On 25 April 2015, IIT Mandi became the first of all the new IITs to completely shift B. Tech students to its permanent campus in Kamand, Mandi.

==Campus==

IIT Mandi was established in 2009 on 538 acre of land near the Uhl, approximately 460 km from New Delhi. The campus is divided into the North and South campuses. Transport and communication facilities connect the two campuses for students, staff and faculty.

Sports, co-curricular and extra-curricular activities are also of high importance for the institute. In addition to the existing indoor badminton courts, swimming pool, table tennis hall, football and cricket fields and gymnasium, the institute has a pavilion, a hockey ground with kiosk, and tennis, volleyball and basketball courts.
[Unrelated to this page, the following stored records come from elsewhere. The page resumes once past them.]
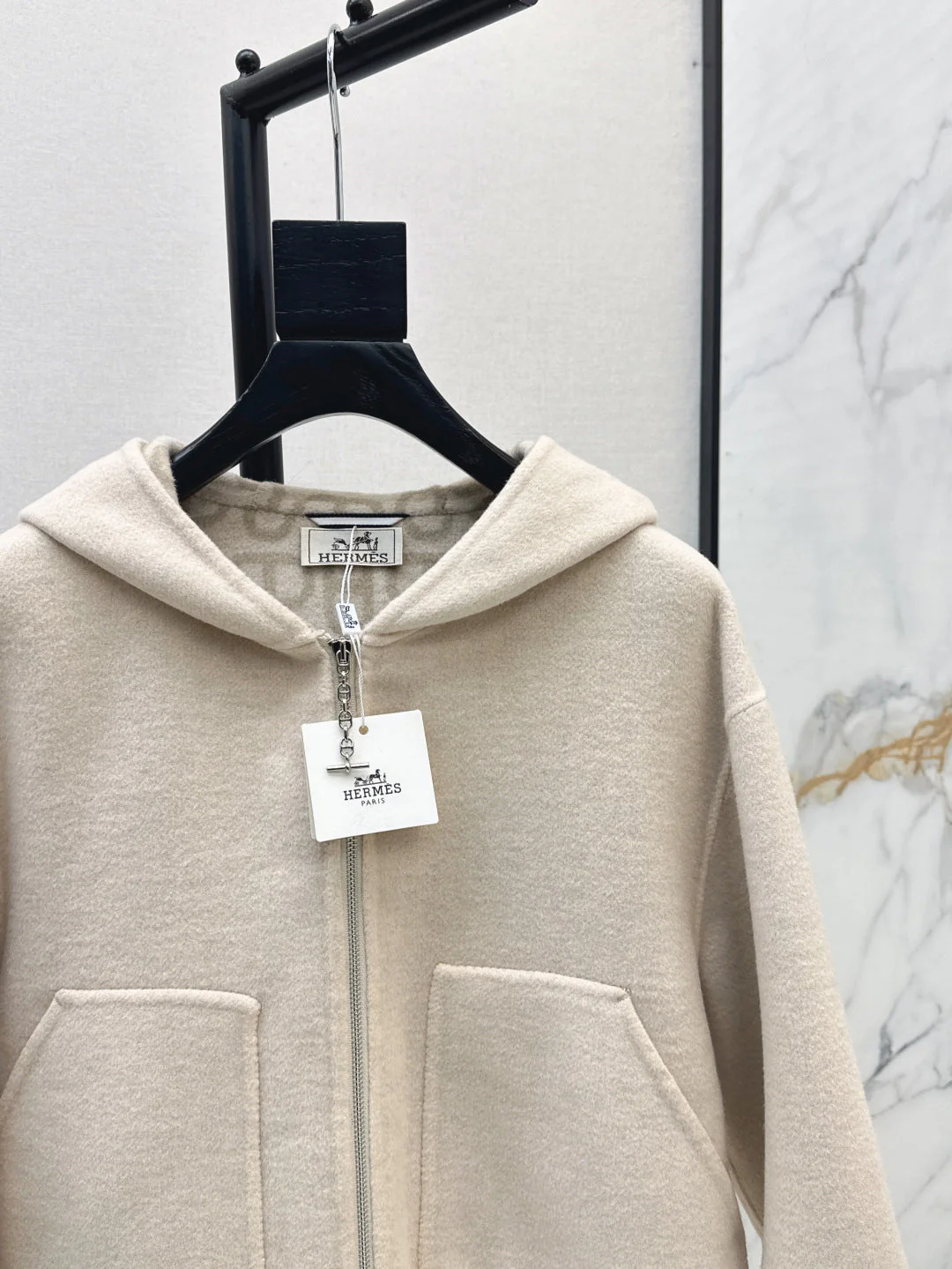 Her 25fw cashmere coat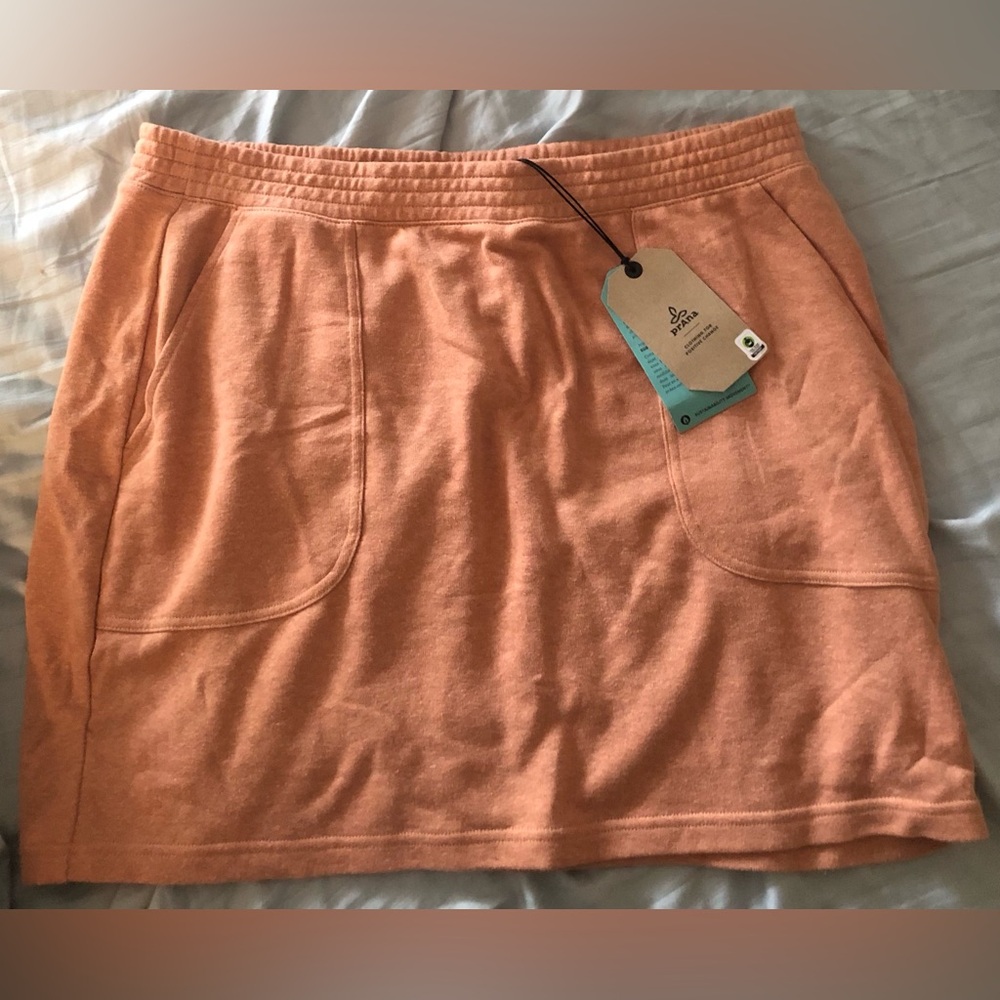 Prana cozy up skirt NWT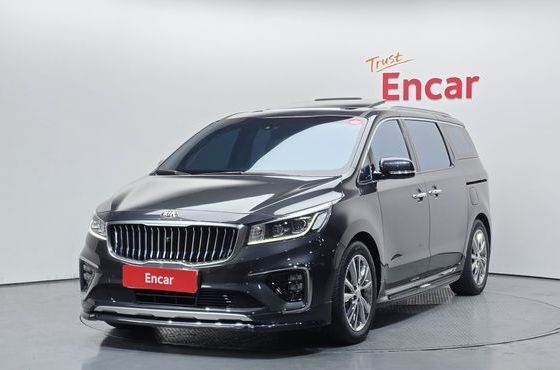 Kia Carnival Gasoline 7-Seater Limousine President — пробег 71 943 км — фото 1 из 5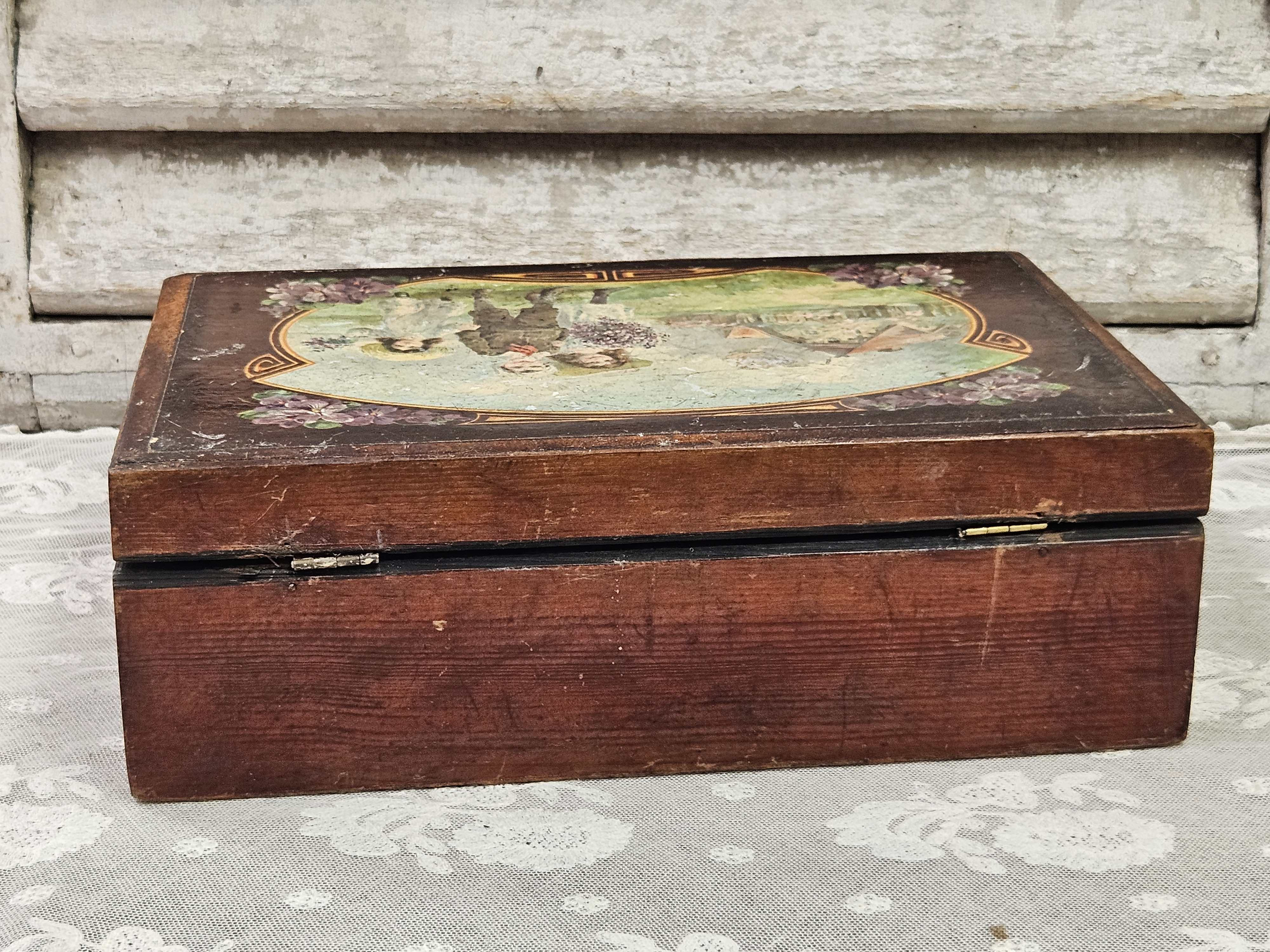 Houten kistje met kinderen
The institute has a medical unit in the South campus and a Health Care Center with 3 Medical officers, an ENT specialist, and a Pediatrician, in the North campus. It also includes a Procedure Room, a Minor Operation Theatre and Physiotherapy Center.

The institute has also set up within its campus important support services, such as creches, a botanical garden with a rich diversity of local plants, children's parks, stationery shops, a campus school, canteens, cafes, banks and ATMs, for the convenience of campus residents. Library and book-nooks are also present in both North and South Campus. The auditorium is used for various occasions and programs organized at IIT Mandi.

=== Green activities ===
Efficient waste-management practices are held in high priority for the campus. The waste generated at each source is segregated through the active participation of residents. A Bio-gas generator of 150 kg feed capacity has been installed for the digestion of biodegradable wastes. Sewage Treatment Plants have been set up to ensure that all waste-water generated in the campus gets suitably treated before discharge and reuse. Special efforts have also been put towards the identification of local flora and fauna, and in ensuring that the campus growth continues to be in harmony with them. Future plans include reuse of treated waste-water, development of plant nursery, better segregation and in-house composting.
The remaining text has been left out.